[[ Provided data open ]]

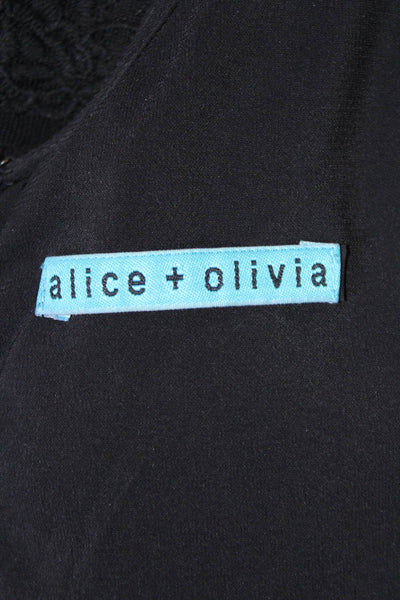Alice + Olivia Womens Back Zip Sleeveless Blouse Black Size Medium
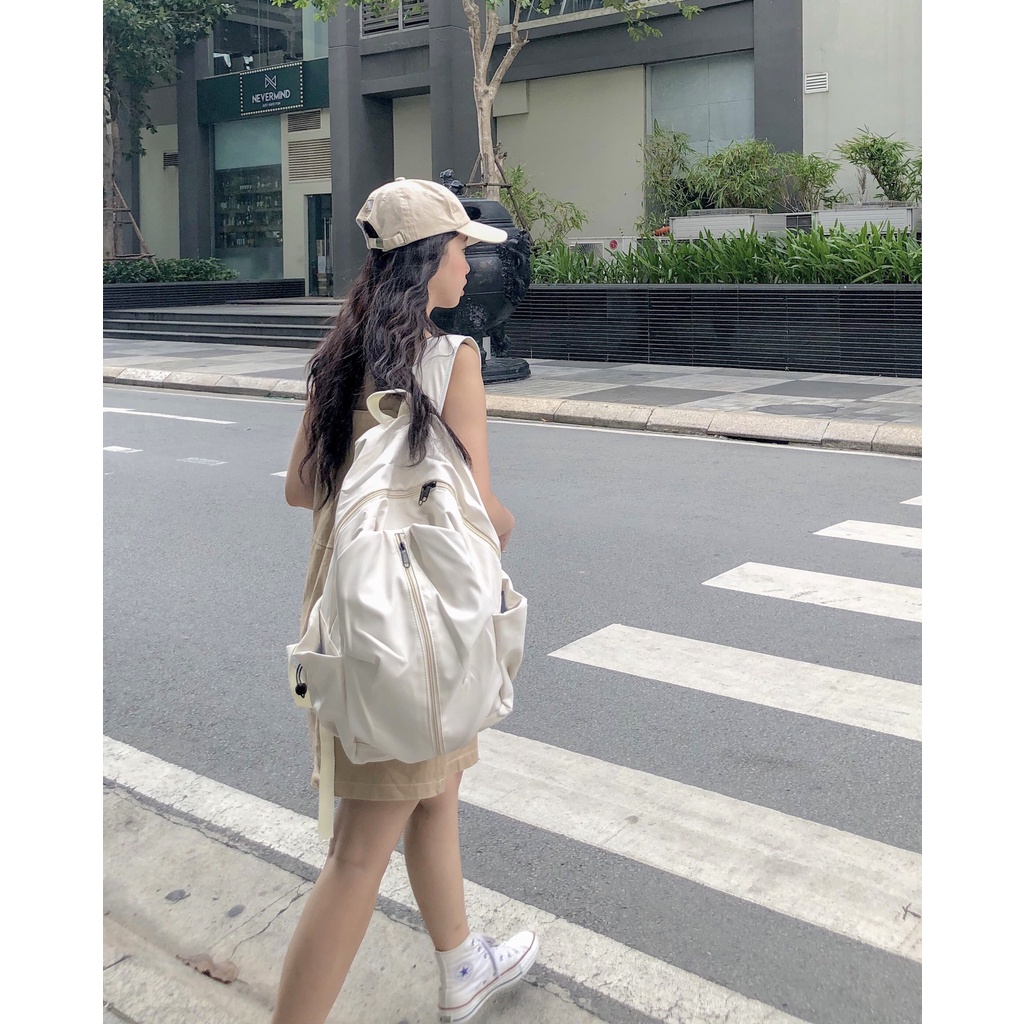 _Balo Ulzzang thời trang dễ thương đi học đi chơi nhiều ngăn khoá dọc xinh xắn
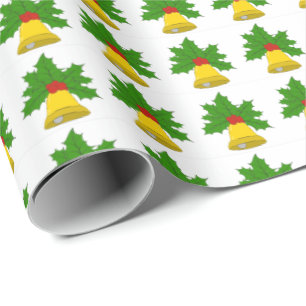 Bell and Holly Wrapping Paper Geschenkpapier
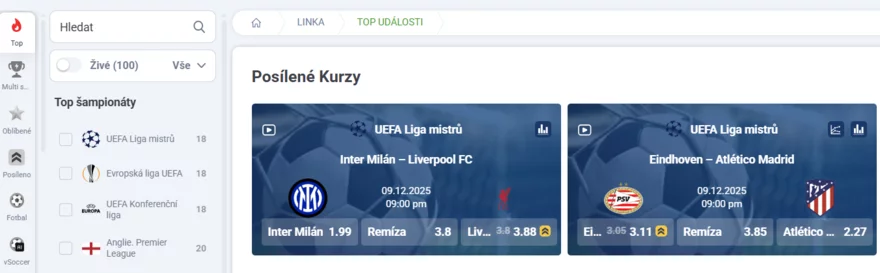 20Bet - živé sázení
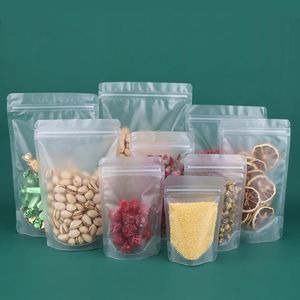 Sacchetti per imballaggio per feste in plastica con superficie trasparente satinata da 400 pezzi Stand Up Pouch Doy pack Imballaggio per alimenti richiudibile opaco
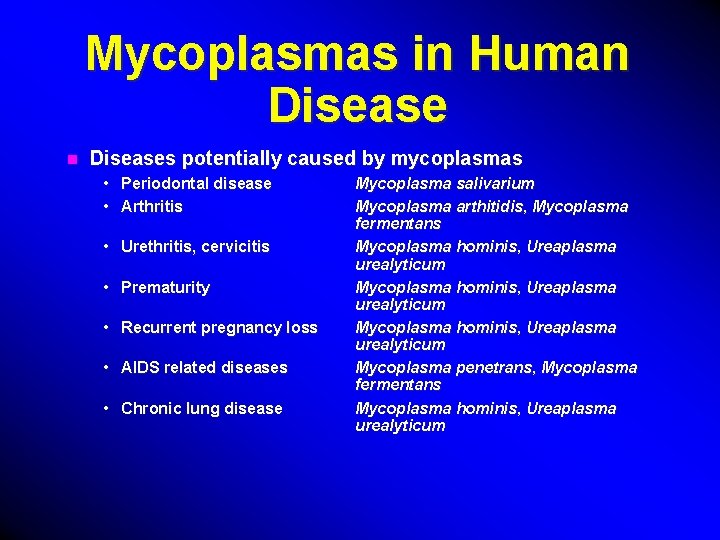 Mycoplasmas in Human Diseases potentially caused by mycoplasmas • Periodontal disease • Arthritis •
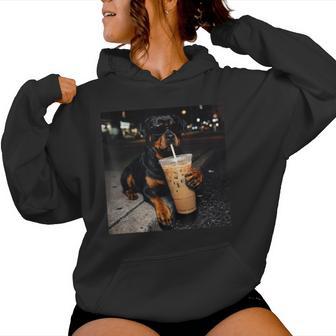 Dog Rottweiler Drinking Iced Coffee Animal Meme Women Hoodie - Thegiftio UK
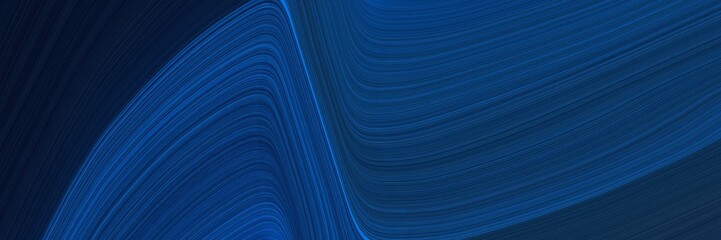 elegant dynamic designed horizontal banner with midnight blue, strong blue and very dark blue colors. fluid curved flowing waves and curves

[[ Provided data closed ]]

■ Required work
Set down word for word every line from the one containing "Dog Rottweiler Drinking" through the last line of the records above, both ends included. Leave out the pictures.

■ Answer to the problem
 Dog Rottweiler Drinking Iced Coffee Animal Meme Women Hoodie - Thegiftio UK
 elegant dynamic designed horizontal banner with midnight blue, strong blue and very dark blue colors. fluid curved flowing waves and curves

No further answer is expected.